StableCascade icon indicating copy to clipboard operation
StableCascade copied to clipboard

stage_c_3b_finetuning

Open dushwe opened this issue 1 year ago • 3 comments

how max batch size in A100 V80G ?

with a batch size of 1, it seems to be peaking at 75457MiB of VRAM according to nvidia-smi on an A100 with 80 GB of VRAM,

dushwe avatar Feb 22 '24 03:02 dushwe

Same problem here。 I train controlnet with 1 batchsize, and got cuda out of memory error with 80g vram

universewill avatar Feb 22 '24 04:02 universewill

CUDA memory usage

config set

lr: 1.0e-4 batch_size: 1 image_size: 768

multi_aspect_ratio: [1/1, 1/2, 1/3, 2/3, 3/4, 1/5, 2/5, 3/5, 4/5, 1/6, 5/6, 9/16]

grad_accum_steps: 1 updates: 100000 backup_every: 20000 save_every: 2000 warmup_updates: 1 use_fsdp: False adaptive_loss_weight: True

insert torch.cuda.memory_allocated()

print('1-load models start:',torch.cuda.memory_allocated())
models = self.setup_models(extras)
print('2-load models end:',torch.cuda.memory_allocated())

1-load models start: 0 2-load models end: 18517808640

print('3-optimizers start:',torch.cuda.memory_allocated())
optimizers = self.setup_optimizers(extras, models)
print('4-optimizers end:',torch.cuda.memory_allocated())

3-optimizers start: 18517808640 4-optimizers end: 47230638592

conditions = self.get_conditions(batch, models, extras)
print('11-conditons:',torch.cuda.memory_allocated())
latents = self.encode_latents(batch, models, extras)
print('12-encode-latents:',torch.cuda.memory_allocated())

11-conditons: 47248081920 12-encode-latents: 47248118784

with torch.cuda.amp.autocast(dtype=torch.bfloat16):
            pred = models.generator(noised, noise_cond, **conditions)
            print("13-models-generator:",torch.cuda.memory_allocated())

13-models-generator: 60122718720


            loss, loss_adjusted = self.forward_pass(data, extras, models)
            print("14-forward_pass:",torch.cuda.memory_allocated())

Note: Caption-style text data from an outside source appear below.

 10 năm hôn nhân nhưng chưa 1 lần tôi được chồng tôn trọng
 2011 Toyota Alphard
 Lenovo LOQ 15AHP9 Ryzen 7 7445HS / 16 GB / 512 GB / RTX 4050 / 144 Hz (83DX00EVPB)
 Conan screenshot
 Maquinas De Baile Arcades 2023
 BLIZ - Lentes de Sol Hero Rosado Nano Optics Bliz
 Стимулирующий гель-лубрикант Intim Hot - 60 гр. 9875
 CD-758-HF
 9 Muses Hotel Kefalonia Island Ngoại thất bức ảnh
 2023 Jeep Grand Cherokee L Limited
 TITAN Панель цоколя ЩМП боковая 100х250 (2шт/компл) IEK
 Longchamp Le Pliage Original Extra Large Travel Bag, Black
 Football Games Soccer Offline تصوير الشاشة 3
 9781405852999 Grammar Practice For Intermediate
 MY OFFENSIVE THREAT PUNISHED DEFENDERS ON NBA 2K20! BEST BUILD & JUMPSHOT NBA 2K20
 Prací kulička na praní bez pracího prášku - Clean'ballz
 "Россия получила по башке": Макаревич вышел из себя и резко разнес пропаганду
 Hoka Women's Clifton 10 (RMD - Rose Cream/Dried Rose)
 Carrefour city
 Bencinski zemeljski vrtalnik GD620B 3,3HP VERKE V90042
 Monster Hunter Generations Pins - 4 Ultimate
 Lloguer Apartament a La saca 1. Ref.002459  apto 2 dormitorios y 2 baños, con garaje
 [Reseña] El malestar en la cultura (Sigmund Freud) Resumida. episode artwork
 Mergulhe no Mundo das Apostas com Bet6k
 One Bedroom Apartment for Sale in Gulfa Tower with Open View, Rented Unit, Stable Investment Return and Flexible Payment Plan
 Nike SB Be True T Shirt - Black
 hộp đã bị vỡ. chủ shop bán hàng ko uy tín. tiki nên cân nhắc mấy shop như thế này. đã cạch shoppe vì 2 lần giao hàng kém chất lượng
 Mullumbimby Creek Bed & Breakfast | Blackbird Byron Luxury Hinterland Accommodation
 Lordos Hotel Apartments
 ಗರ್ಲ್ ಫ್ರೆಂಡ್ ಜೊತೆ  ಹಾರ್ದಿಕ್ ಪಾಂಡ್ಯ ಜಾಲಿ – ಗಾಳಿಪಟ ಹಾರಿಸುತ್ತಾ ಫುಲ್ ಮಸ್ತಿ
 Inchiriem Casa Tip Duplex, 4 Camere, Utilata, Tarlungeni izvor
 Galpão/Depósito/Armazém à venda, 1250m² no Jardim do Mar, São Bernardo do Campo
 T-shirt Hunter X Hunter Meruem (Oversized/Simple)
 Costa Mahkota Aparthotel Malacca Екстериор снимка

            # # BACKWARD PASS
            grad_norm = self.backward_pass(
                i % self.config.grad_accum_steps == 0 or i == max_iters, loss, loss_adjusted,
                models, optimizers, schedulers
            )
            print("15-backward_pass:",torch.cuda.memory_allocated())

14-forward_pass: 59979117056 15-backward_pass: 47247679488

dushwe avatar Feb 22 '24 05:02 dushwe

truly wild, to get max 1 batch size on 80Gb VRAM. something is definitely wrong here. sad, too, seemed like someone made an effort to document and make the repo usable, too.

perhaps they assume you're using multiple GPUs and FSDP if finetuning the big models?

Furthermore, since distributed training is essential when training large models from scratch or doing large finetunes, we have an option to use PyTorch's Fully Shared Data Parallel (FSDP). You can use it by setting use_fsdp: True. Note, that you will need multiple GPUs for FSDP. However, this as mentioned above, this is only needed for large runs. You can still train and finetune our largest models on a powerful single machine.

Update: Just tried FSDP and 2 A100s to see if that would help. Now all that happens is my CPU works very hard and that's it. I think this repo makes a lot of assumptions about your setup: FSDP, multi-GPU, slurm, etc. https://github.com/Stability-AI/StableCascade/issues/71#issuecomment-1974039472

heyalexchoi avatar Mar 01 '24 21:03 heyalexchoi